"Conspiracy is an appropriate word to describe what went on in the state of New York during the first half of the 19th century. As early as the 1790s, politicians coordinated efforts with entrepreneurial groups to separate the Six Nations of the Iroquois League from their tribal lands. . . . Hauptman, a recognized authority on the Iroquois, continues where his earlier books left off, and he especially draws attention to the questionable 'state treaties' of the 1780s and 1790s. With a critical eye on the documentary evidence and an artful pen for relating the story, he brings the complicated tale to a level that can be understood and appreciated by a broad reading audience."—Choice
The period between the American Revolution and the middle nineteenth century dramatically changed New York State and the Iroquois. Upstate metropolises—Utica, Syracuse, Rochester, and Buffalo—were founded and soon witnessed a phenomenal growth, making New York State one of the fastest-growing regions in the country. This development led to the displacement of the Iroquois. Initially, state officials attempted to force the Indians west.
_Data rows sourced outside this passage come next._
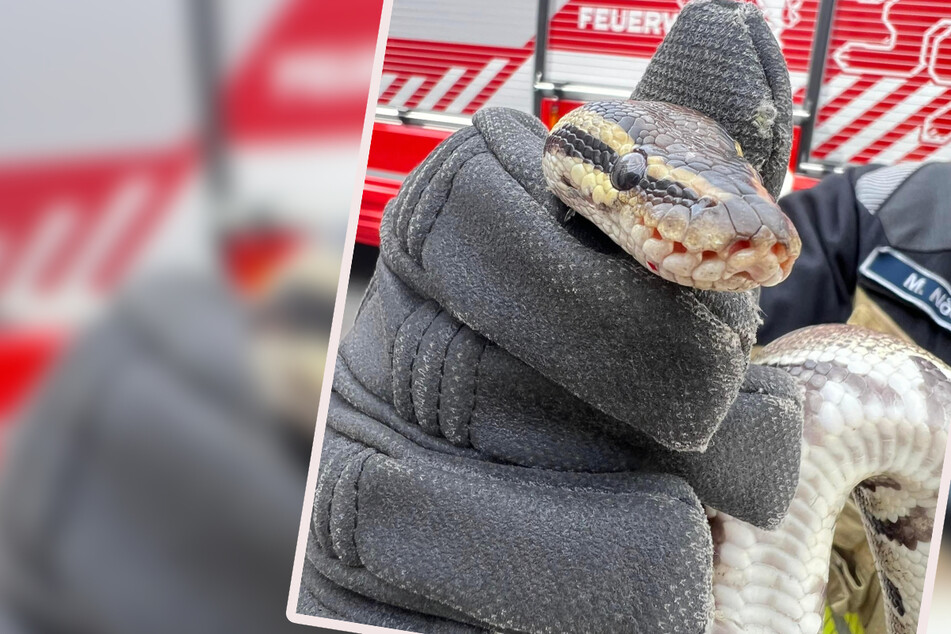 Schlangen-Alarm mitten in Gera: Feuerwehr rettet Python und tauft sie "Christina"
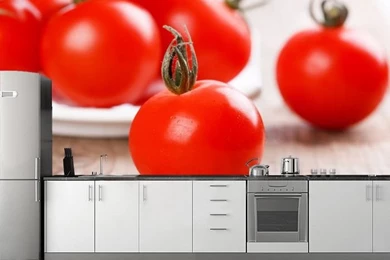 Wallpapers Murals For Kitchen   Wallpapers Mural Ideas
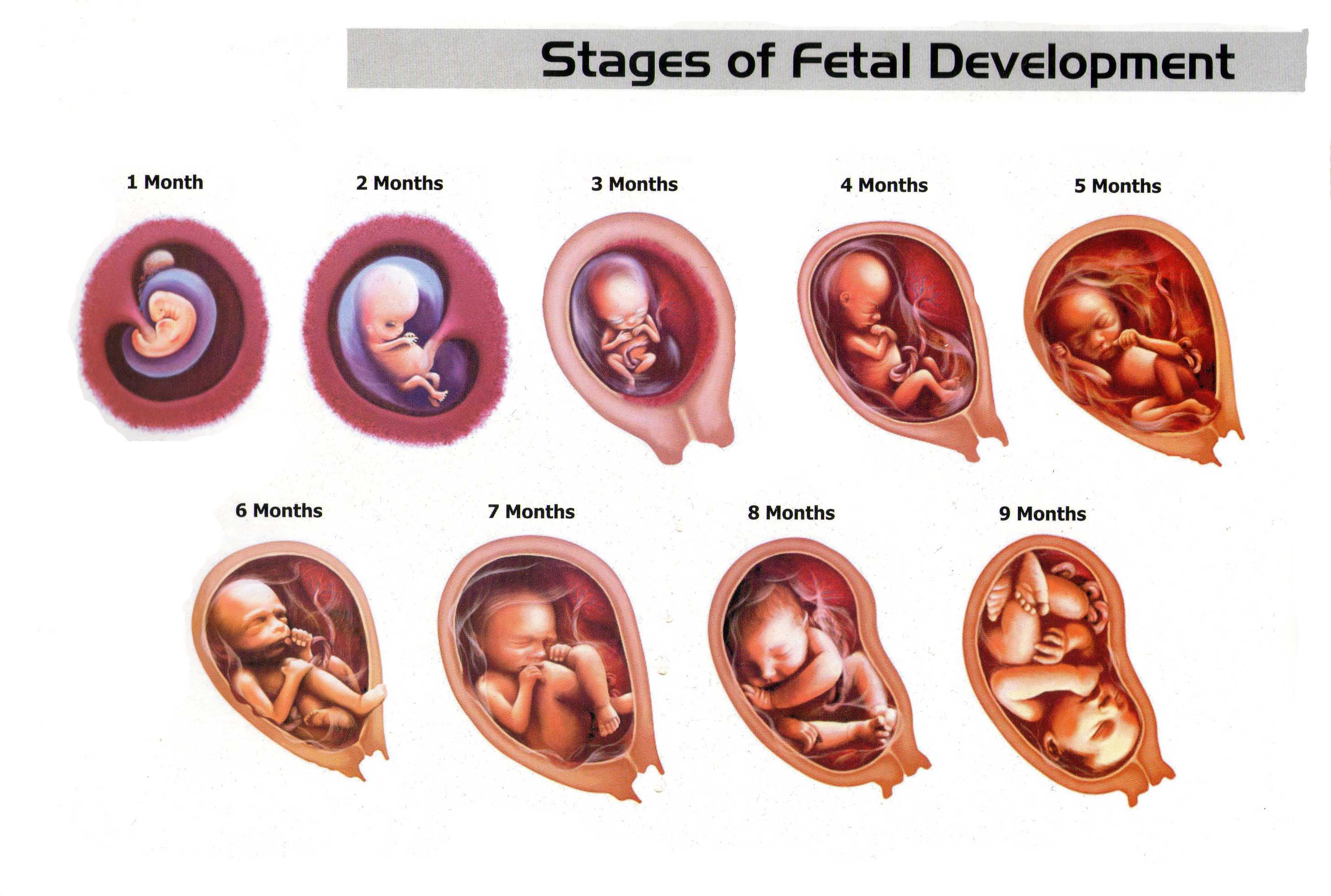 embryo-utvikling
In his book, Laurence M. Hauptman shows how state transportation interests, land speculating companies, and national defense policies worked to undermine the Iroquois. When forced removal of the Indians failed, Albany officials pushed for jurisdiction over the Indians, including attempts to tax them.
Hauptman goes beyond simply recounting the tragedy that befell the Indians in New York. He includes memoirs and letters of gazetteers, travelers’ accounts, tribal records, personal correspondence, and Indian petitions to Albany and Washington—eloquent documents that reveal a rich culture in crisis.
About the Author
Laurence M. Hauptman is State University of New York Distinguished Professor of History at SUNY New Paltz. He is author of many books including The Iroquois in the Civil War: From Battlefield to Reservation, The Iroquois and the New Deal, and The Iroquois Struggle for Survival: World War II to Red Power, each published by Syracuse University Press. In 1997 he received an award of commendation from the Seneca Nation for his expert testimony that contibuted to congressional legislation in the Seneca-Salamanca controversy. In 1987 and again in 1998, Hauptman received the Peter Doctor Memorial Indian Scholarship Foundation Award for distinguished service in his research and writing on American Indians.